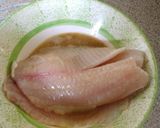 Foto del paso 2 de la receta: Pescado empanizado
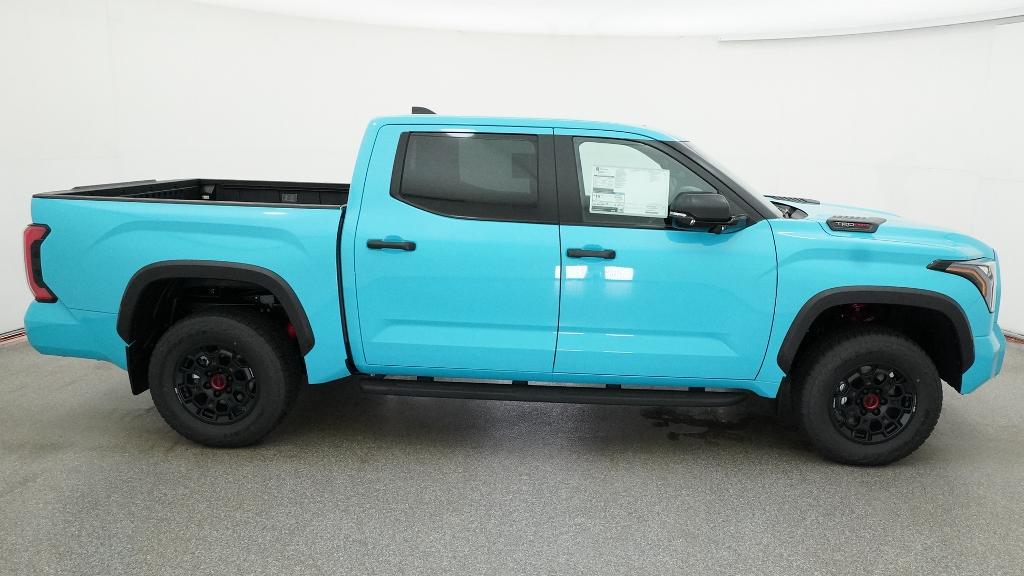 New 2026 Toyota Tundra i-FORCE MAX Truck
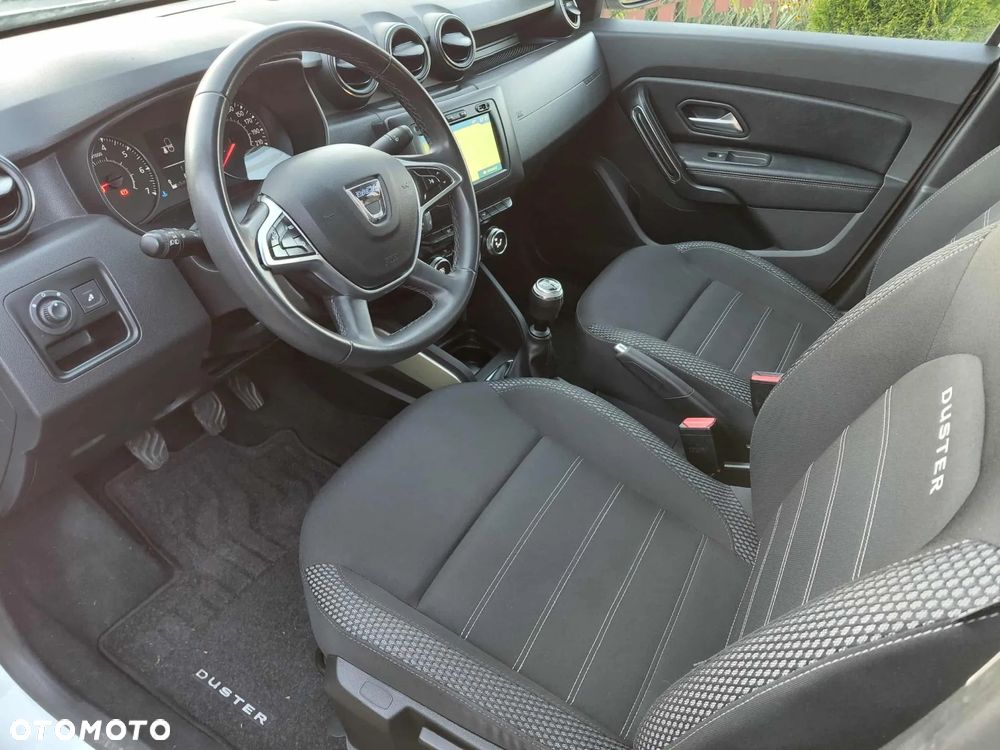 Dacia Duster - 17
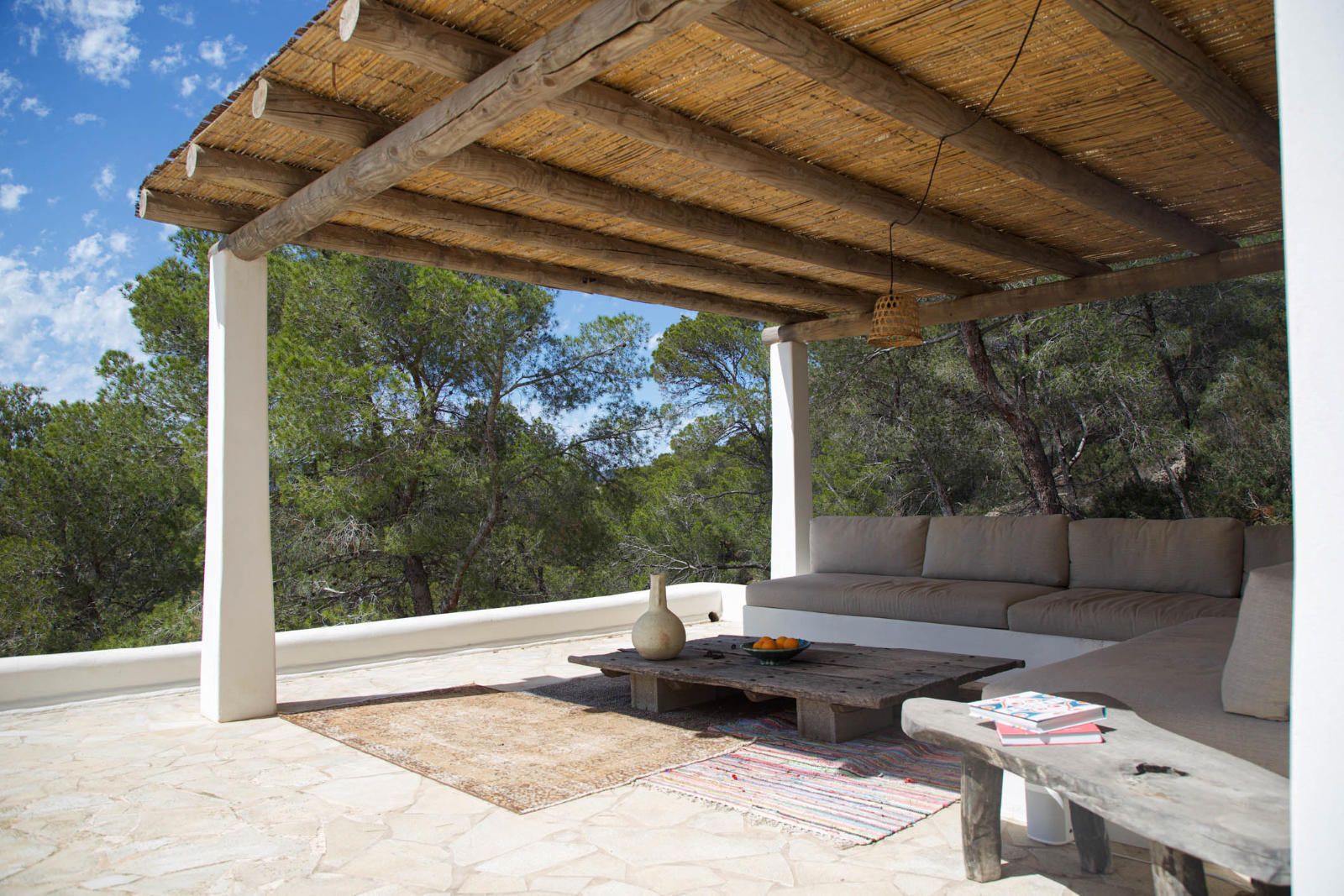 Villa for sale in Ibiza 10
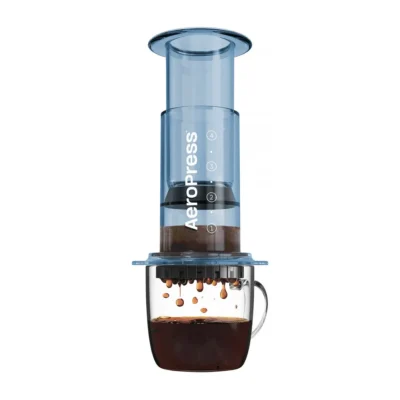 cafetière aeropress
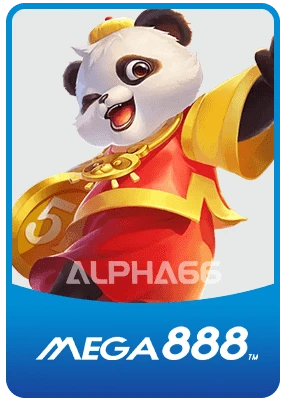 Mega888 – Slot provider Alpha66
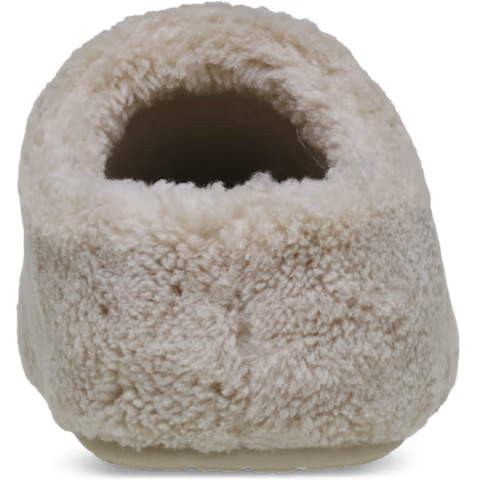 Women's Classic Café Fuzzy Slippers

----

Assignment:
All lines from the one containing "Villa for sale in Ibiza 10" through the final line of the records are to be retyped exactly; no other lines and no pictures are to be included.

Response area:
 Villa for sale in Ibiza 10
 cafetière aeropress
 Mega888 – Slot provider Alpha66
 Women's Classic Café Fuzzy Slippers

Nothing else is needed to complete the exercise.